We have heard the ads and promotions for the iPhone. There’s an app for that! Of course there is. Sometimes the app is even good. I am bummed when it is not, but I will keep trying and evaluating them – yes, I have an iPhone.

I realized that this phenomenon also occurs with the Ruby scripting/programming language. I was teaching my co-workers how to use Ruby & Watir, and the benefits of those. I wanted to demonstrate the usefulness of Ruby as a scripting language so I started to show different libraries that could be used. Although it had been around me for years, I finally realized that Ruby covers some major ground thanks to all of the developers and hacks (I use that term in a loving way)  that spent hours, days, weeks, and months extending Ruby to do more.
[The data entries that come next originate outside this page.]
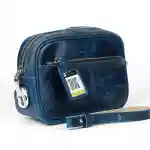 Secret -HandBag-navy blue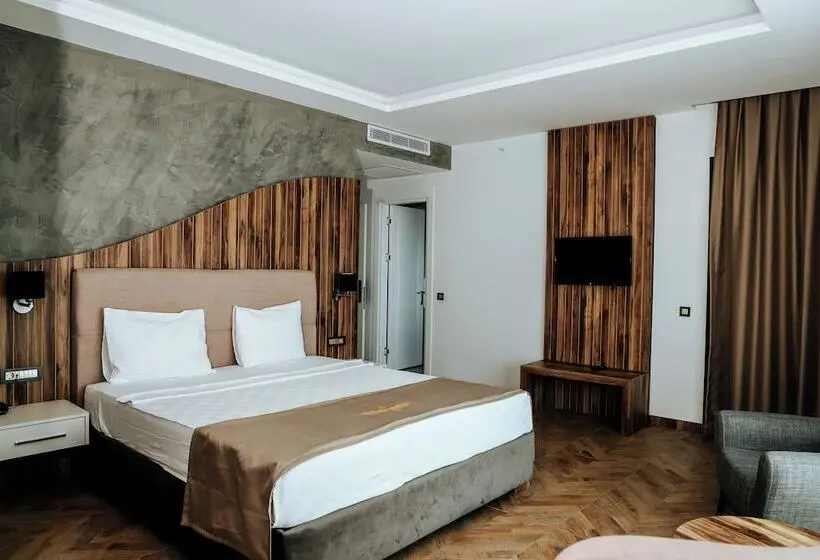 Standard-huone Merinäkymä, Maril Beach & Spa Hotel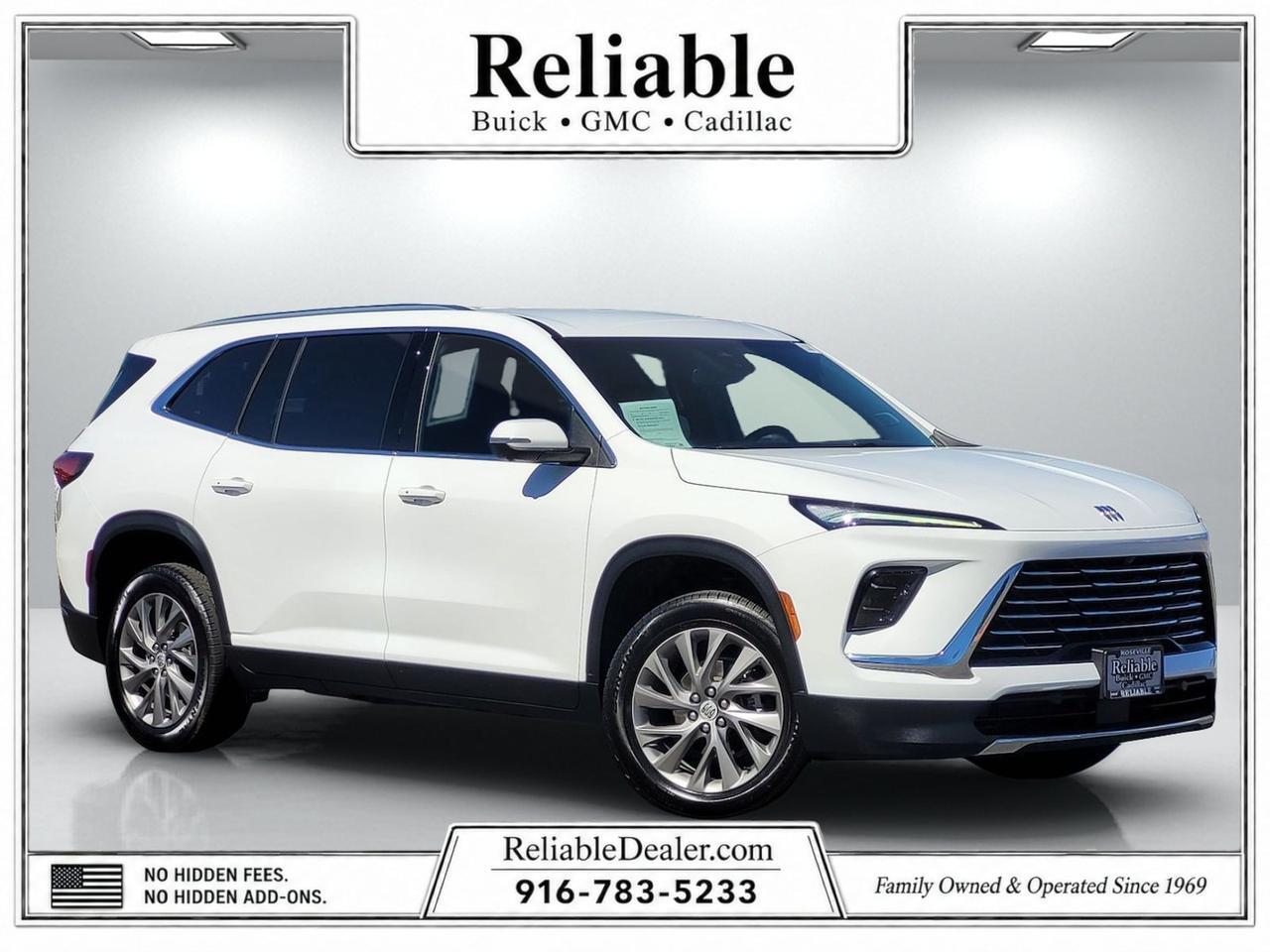2026 Buick Enclave Preferred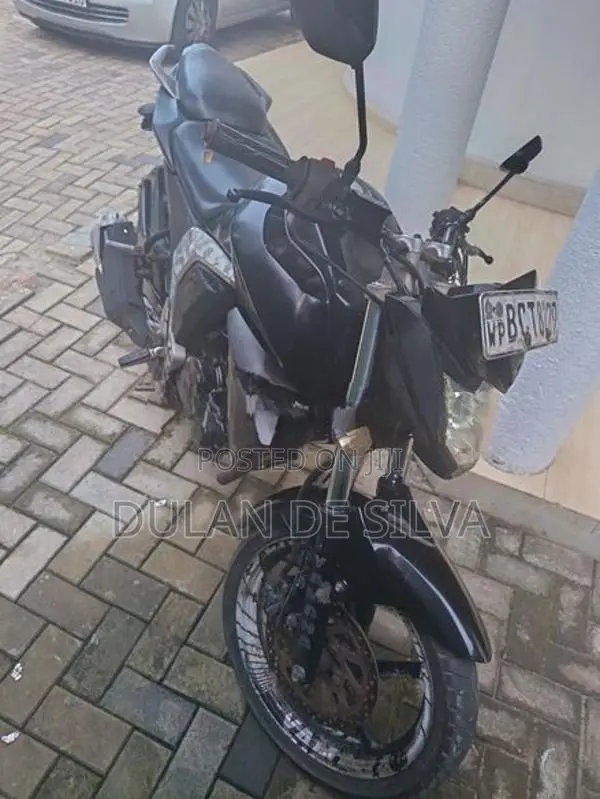 Yamaha FZ S 2015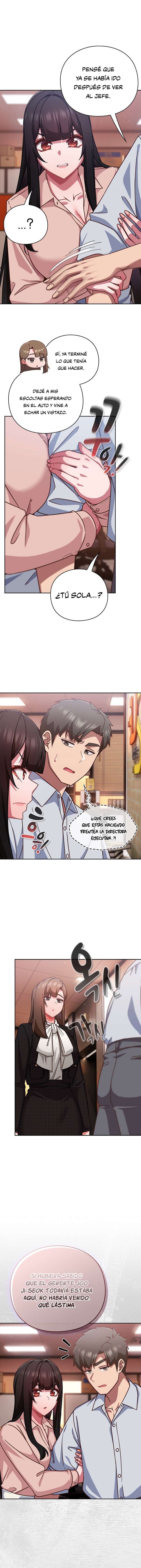 Vamos a escaparnos Capítulo 38 - Página 7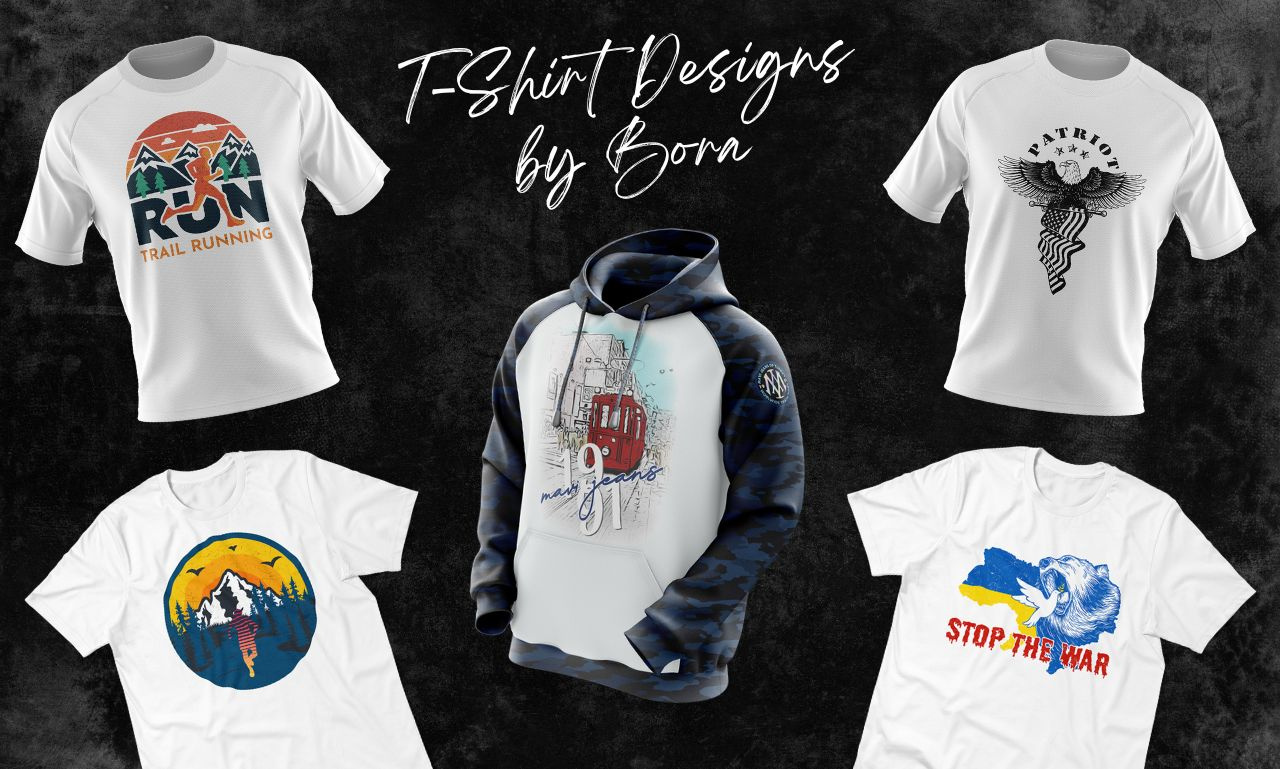 Example of T Shirt Design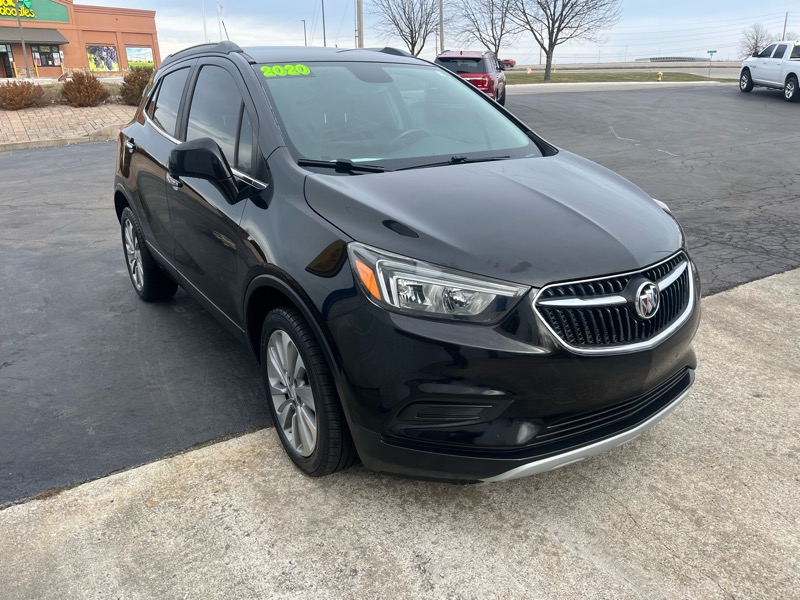 Buick Encore Preferred FWD 2020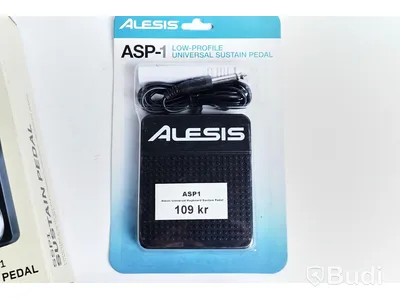 Sustainpedaler 3st - Supreme, Alesis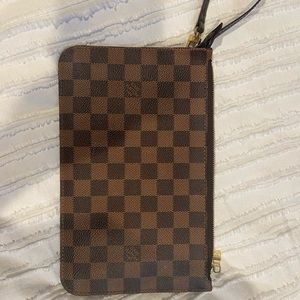 Louis Vuitton pouch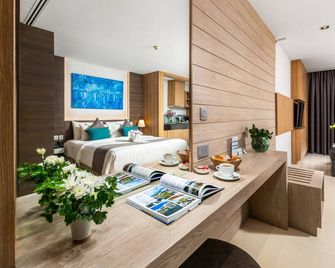 Kudo Hotel & Beach Club (Adults Only) - Patong - Bedroom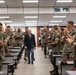 Gunner Bolton receives Presidential Lifetime Achievement Award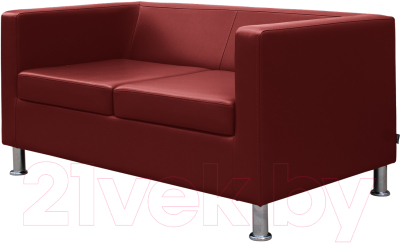 Диван Brioli Билли двухместный - фото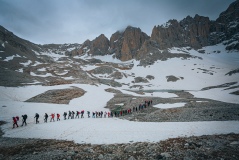 Niğde'de dağcılık sporunda kurumsallaşma adımı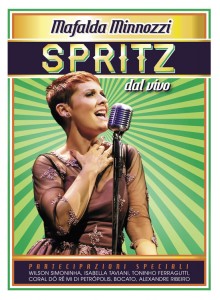DVD Spritz Dal Vivo - Mafalda Minnozzi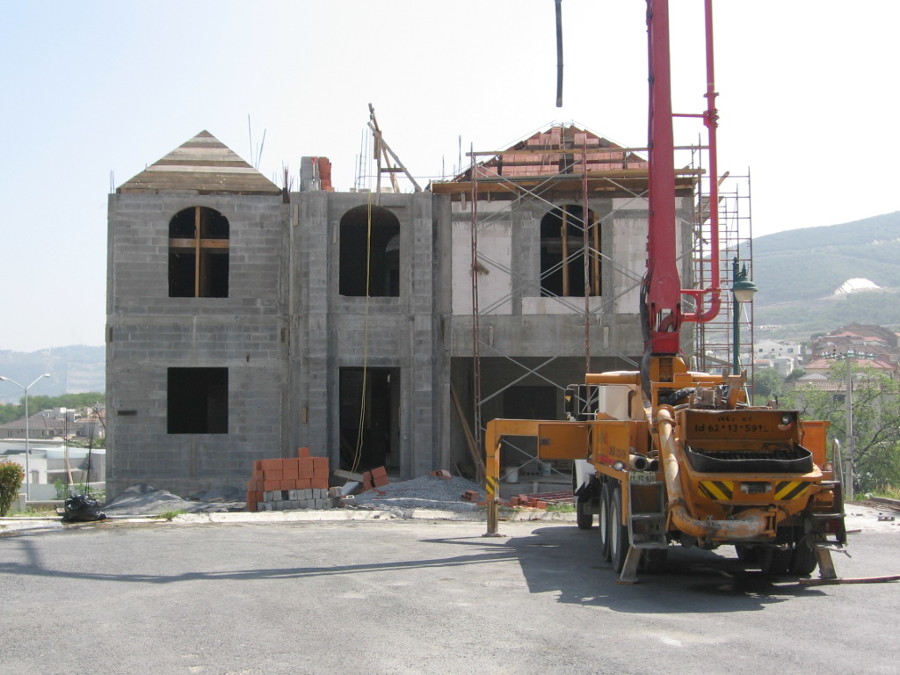 Foto: Losas del Segundo Nivel (azotea) de Espacio Zenteno #253582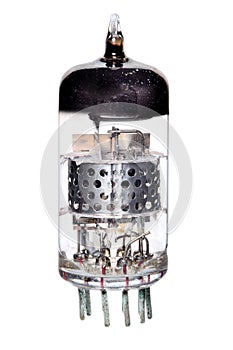 Vacuum tube 1950-60s radio & television component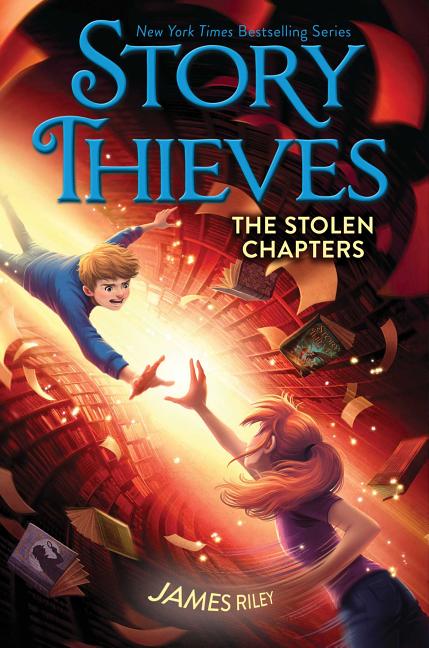 Book cover for Stolen Chapters (Reprint)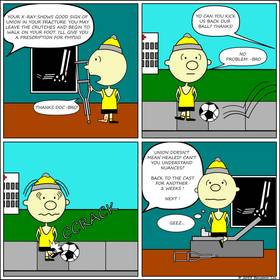 Read Elbro Needs Physio  1 Page 1 in English
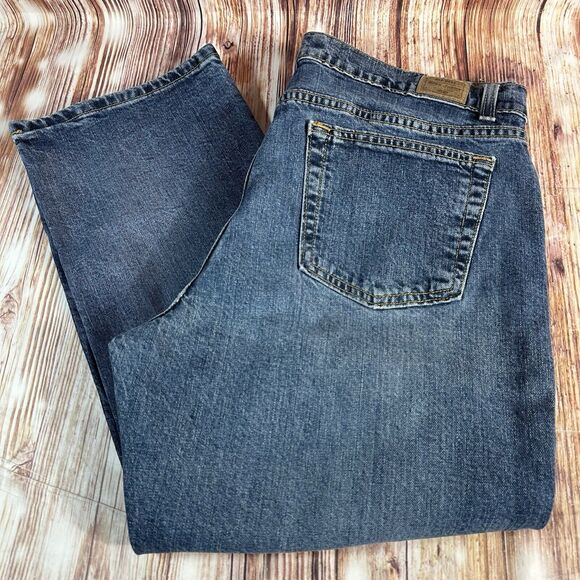 Old Navy Denim - Vintage Y2K Old Navy BOOT CUT Size 16 Blue Mid Rise Jeans Denim Pants 36x31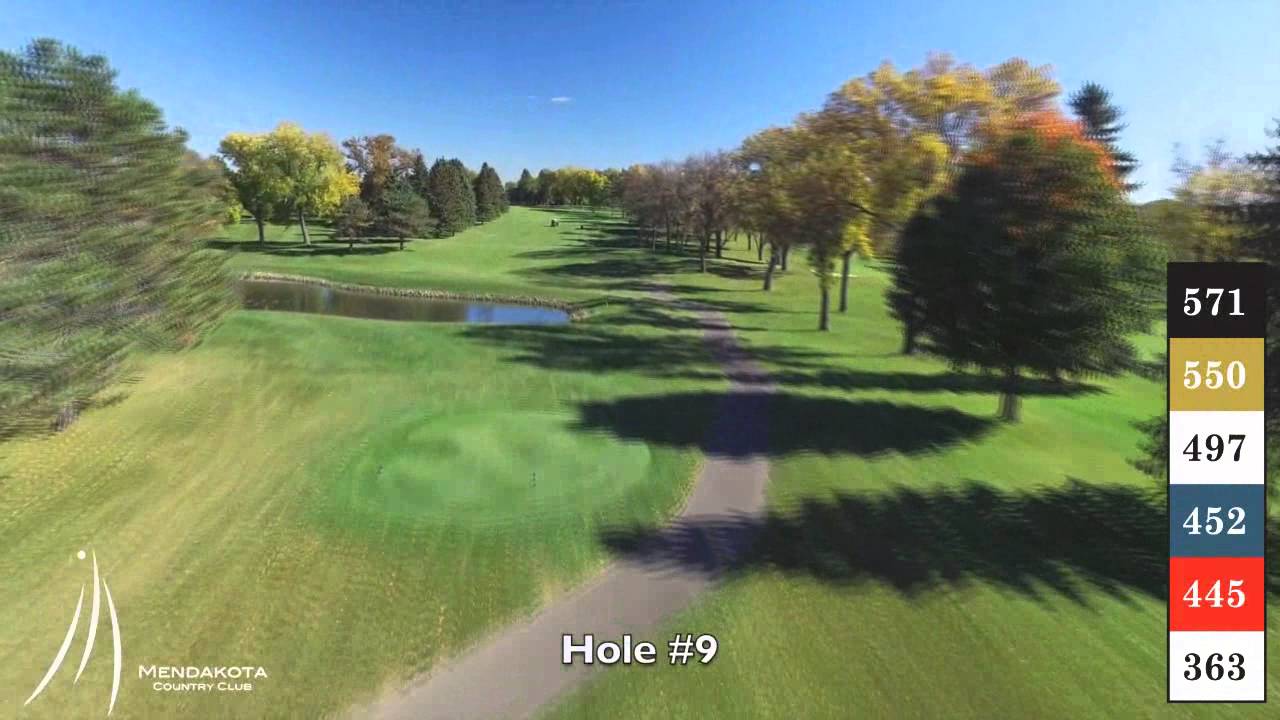 Mendakota Overall Course Video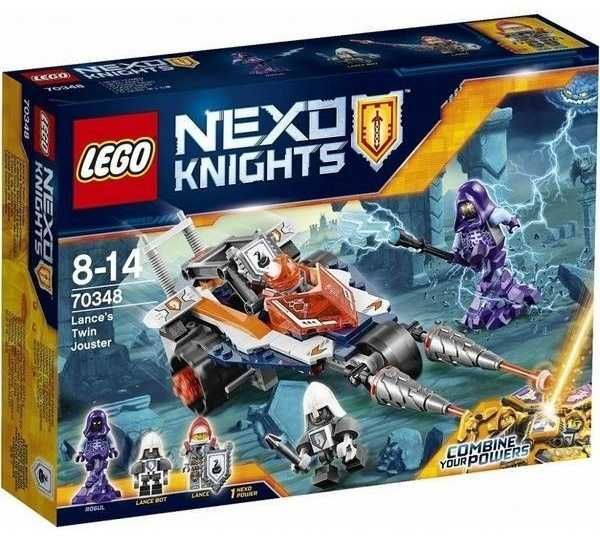Набор лего Нексо Найтс 70348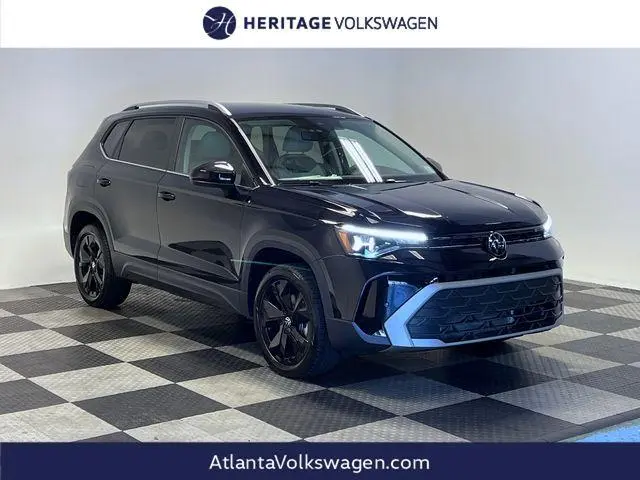 2026 Volkswagen Taos SE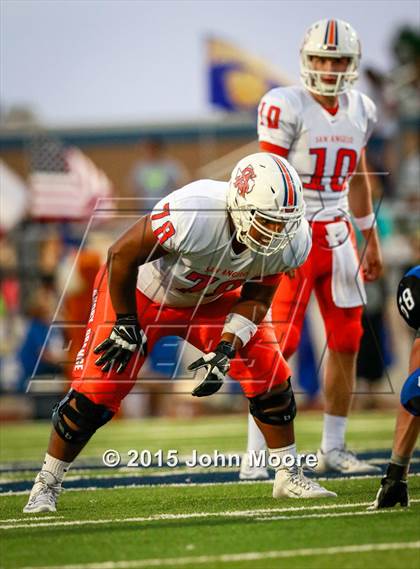 Thumbnail 2 in San Angelo Central @ Frenship photogallery.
First, when I read through the Pickaxe book, I learned about many of the installed libraries I can use with Ruby. Sure, we expect to have the string, array, and hash types. But with a simple require ‘net/http’ statement, I can request web pages over the internet – without a browser! I can create my own app server using webrick – I did just that as a target for my squid server test. I can work with file systems, command line parameters, cgi scripts, yaml streams, xml streams, and test it all with test unit.

But wait, that’s not all you get! I learned Ruby to build a test framework. After that, I found myself in a manager position where I could not spend so much time working on automated checking and frameworks. Wanting to keep in practice, I started using Ruby to solve other computer problems for me. I created scripts to help me manager my music library. I automated tedious tasks at home.  For all these, I found websites that could help me identify the best one to use for solving my problem including Ruby Toolbox, RubyGems, and GitHub where many of them are created. On GitHub, you can even fork the project that you kinda like but want to change some stuff. I have seen it done! And you can get it for the low, low price of Free. You will never get that kind of free stuff and you can change it on an iPhone app. And if you order now, you can get an additional Ruby installation, just pay storage fees.

If I had to pick a favorite, it would be Watir (Web Application Testing In Ruby) because that library enticed me to learn Ruby. Because I have learned more libraries and how to use them, I have ventured away by using database client libraries, web service libraries, and faster-performing web libraries.

I would like to know – what is your favorite Ruby library?